*Problem to work on*. Output the entries below word for word, stopping once the line containing "Especialistas advierten que" is done, and omit each picture.

-- Opening Marker --

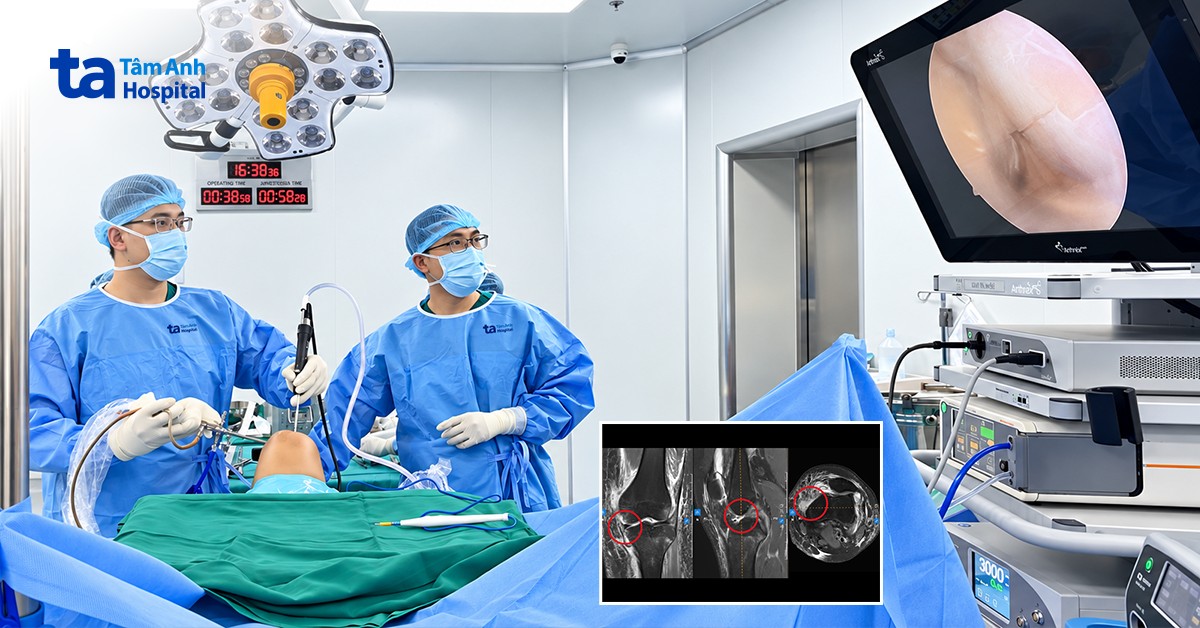 Nữ sinh 16 tuổi đứt cùng lúc ba dây chằng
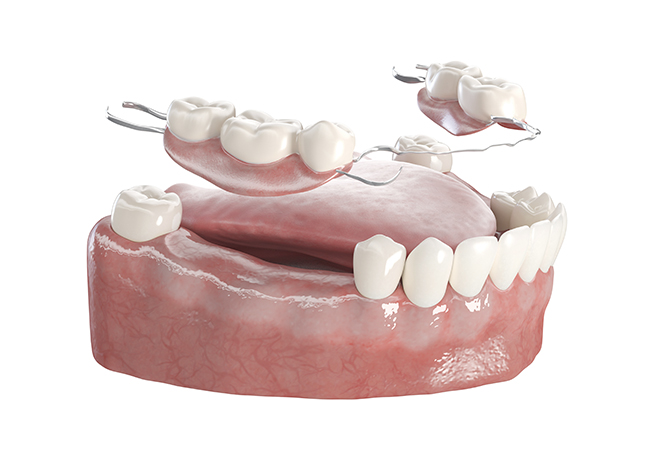 정직한 진료, 믿을 수 있는 결과 바로플란트치과 부분틀니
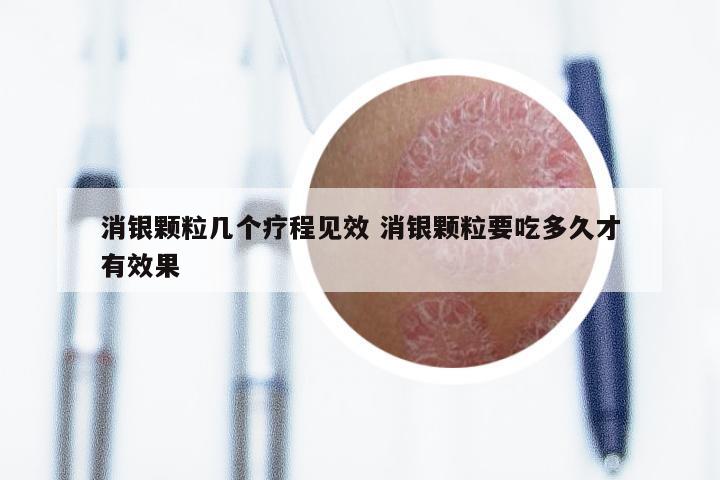 消银颗粒几个疗程见效 消银颗粒要吃多久才有效果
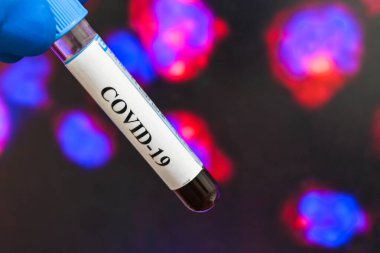 Coronavirus testi. Bir kan örneğinde COVID-19 için antikorların tespiti.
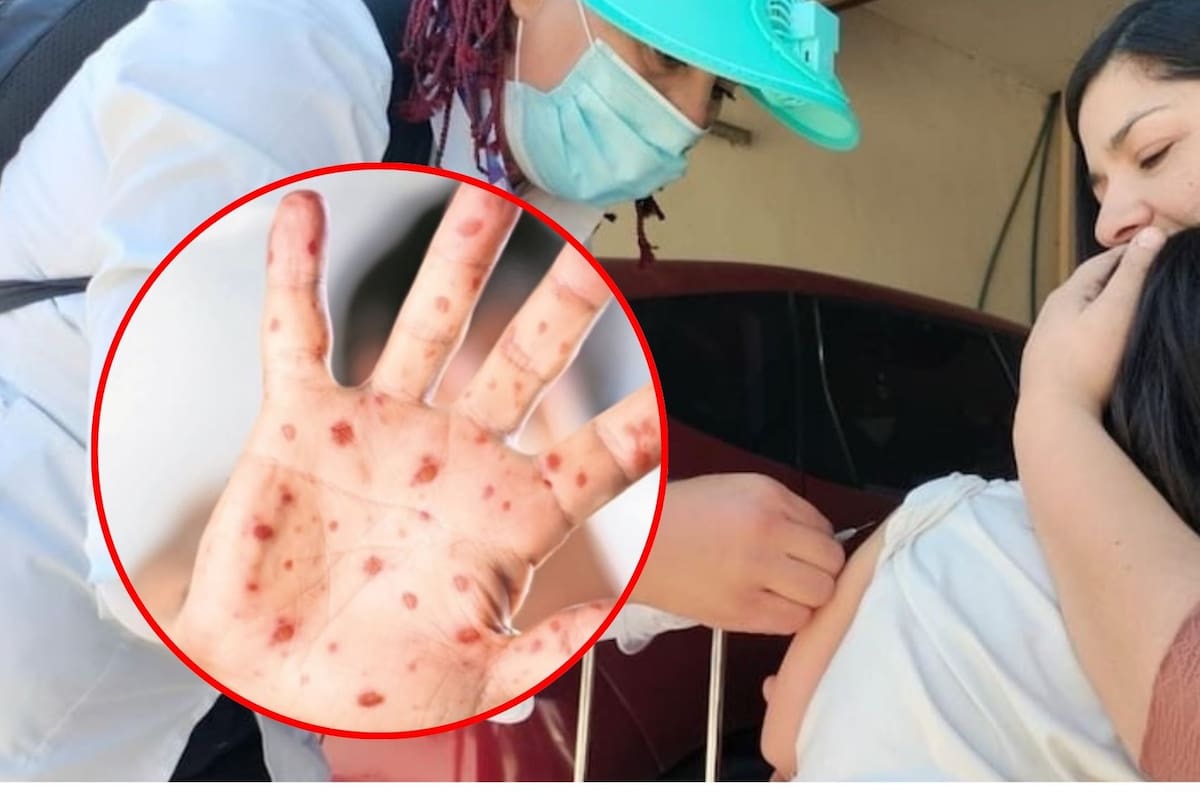 Especialistas advierten que el sarampión resurge en México tras el rezago de vacunación por el covid-19
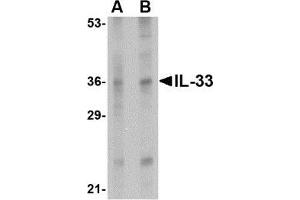 Western blot analysis of IL-33 in human lymph node tissue lysate with AP30427PU-N IL-33 antibody at (A) 1 and (B) 2 μg/ml. (IL-33 Antikörper  (Center))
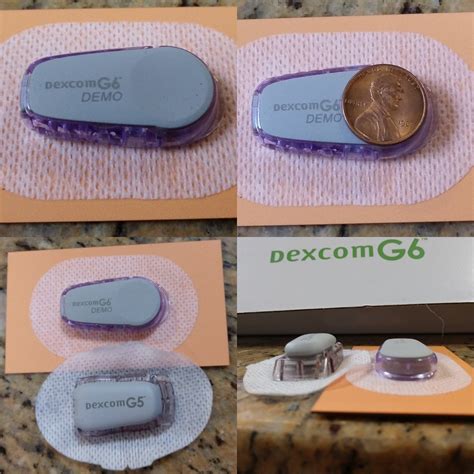 Image result for Dexcom Transmitter Receiver G6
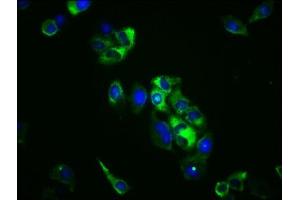 Immunofluorescence staining of Hela cells with ABIN7171265 at 1:100, counter-stained with DAPI. (STXBP5 抗体  (AA 515-610))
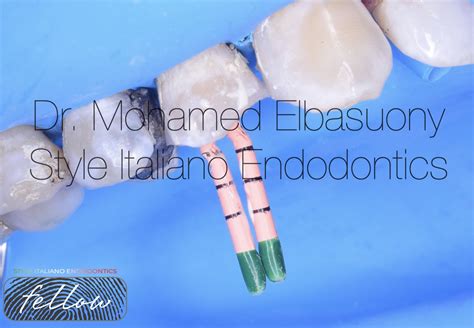 Orthodontic Extrusion For Proper Endodontic Therapy Style Italiano Endodontics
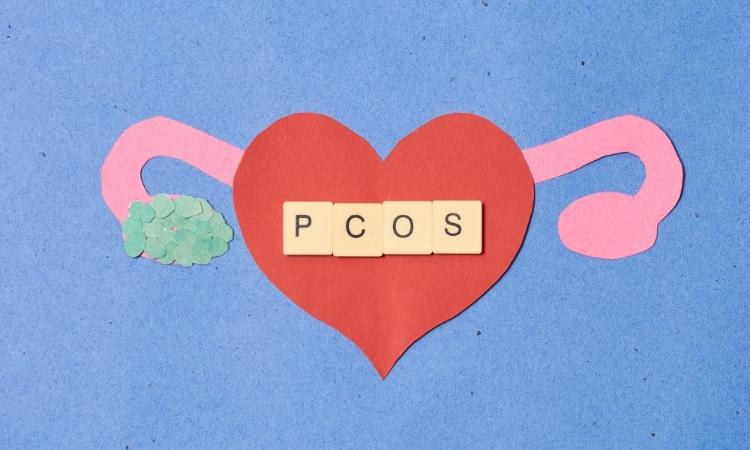 Illustrazione di ovaie e utero con la sigla PCOS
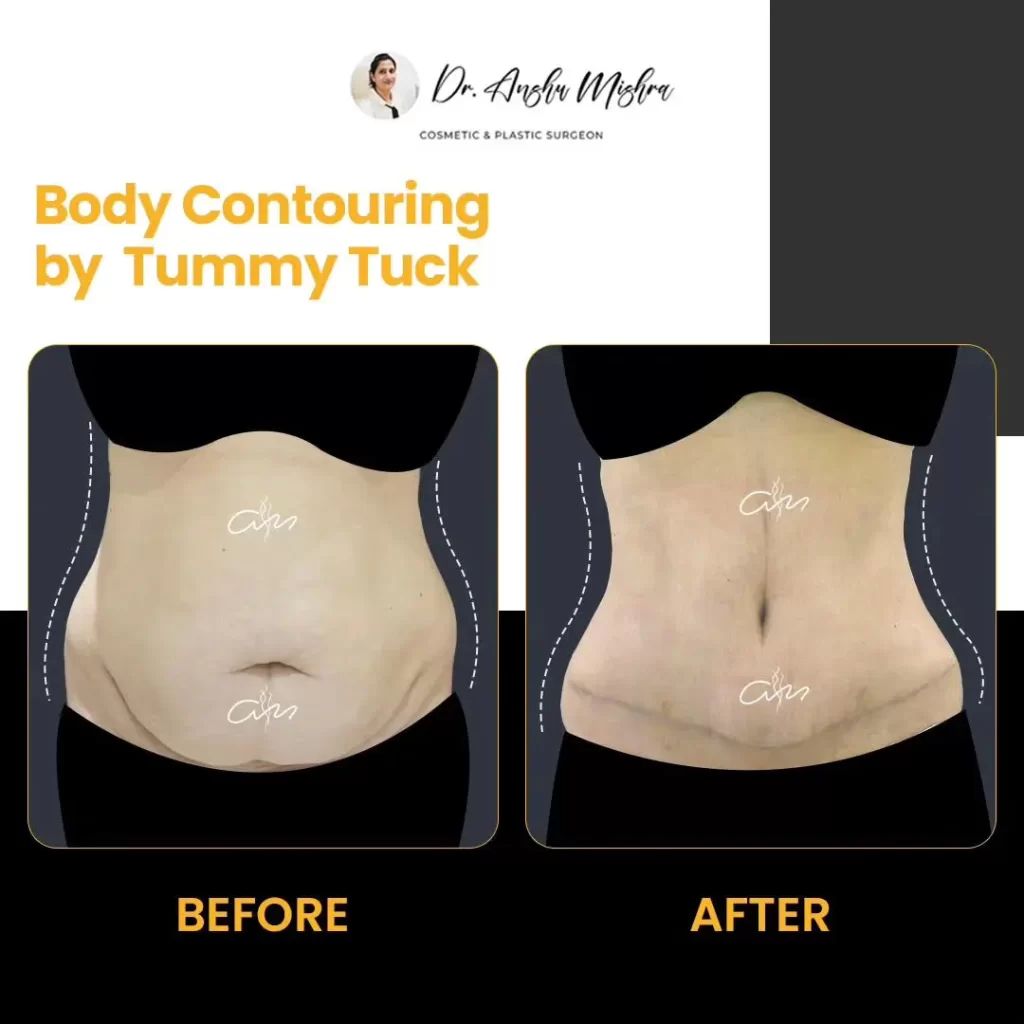 Body-Contouring-TummyTuck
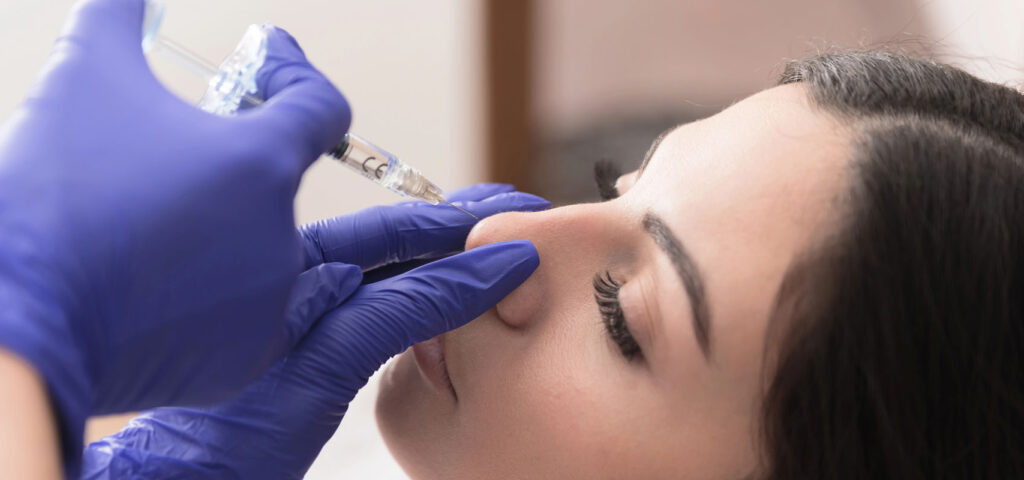 Korekta nosa bez operacji – efekt modelowania Modelowanie nosa kwasem hialuronowym bez operacji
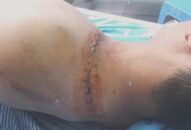 Nhóm thanh niên chém nhau toạc vai, nghi nổ súng khi xô xát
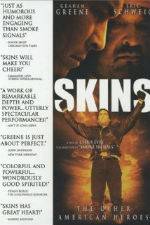 Watch Skins Megavideo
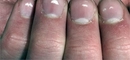 Tırnaktaki Beyaz Lekeler?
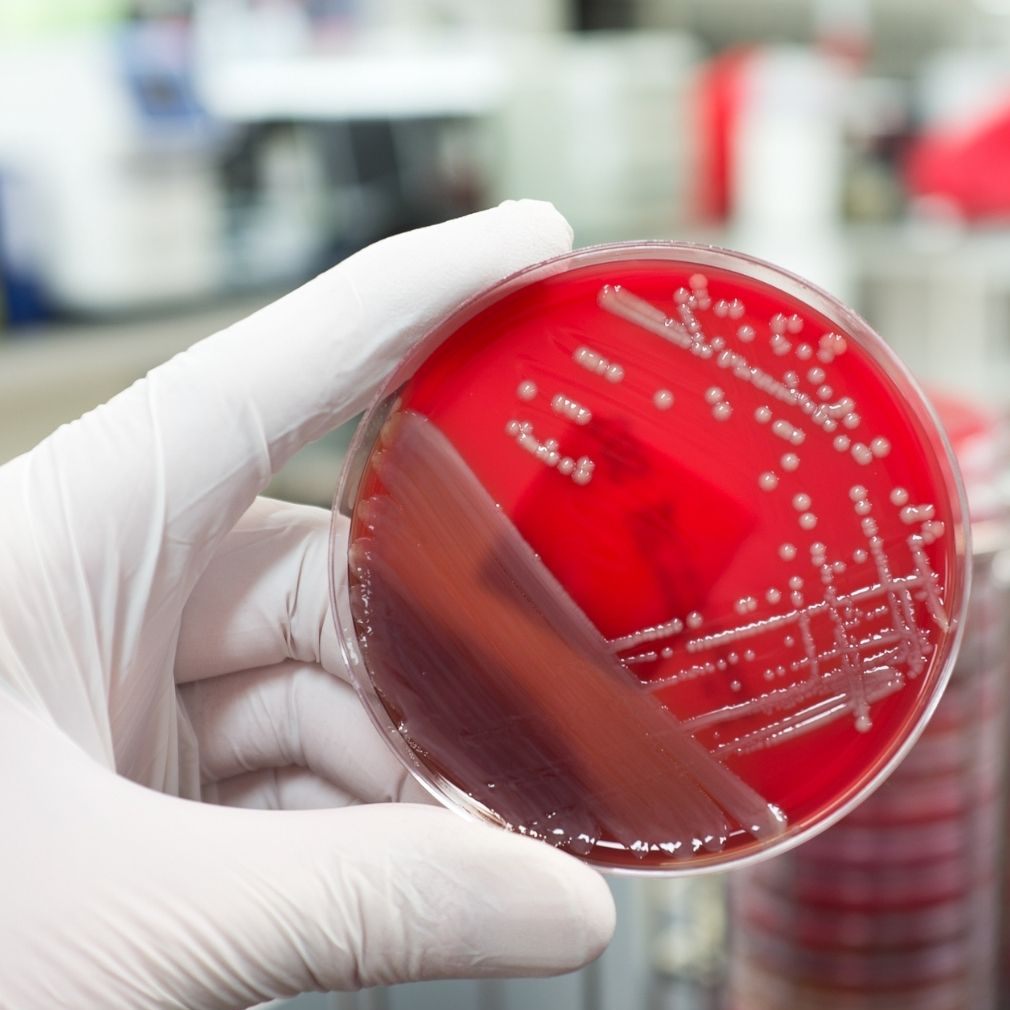 Die WHO veröffentlichte erstmals eine Liste mit den gefährlichsten Viren und Bakterien. (Symbolbild)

-- Closing Marker --

*Task solution*.
 Nữ sinh 16 tuổi đứt cùng lúc ba dây chằng
 정직한 진료, 믿을 수 있는 결과 바로플란트치과 부분틀니
 消银颗粒几个疗程见效 消银颗粒要吃多久才有效果
 Coronavirus testi. Bir kan örneğinde COVID-19 için antikorların tespiti.
 Especialistas advierten que el sarampión resurge en México tras el rezago de vacunación por el covid-19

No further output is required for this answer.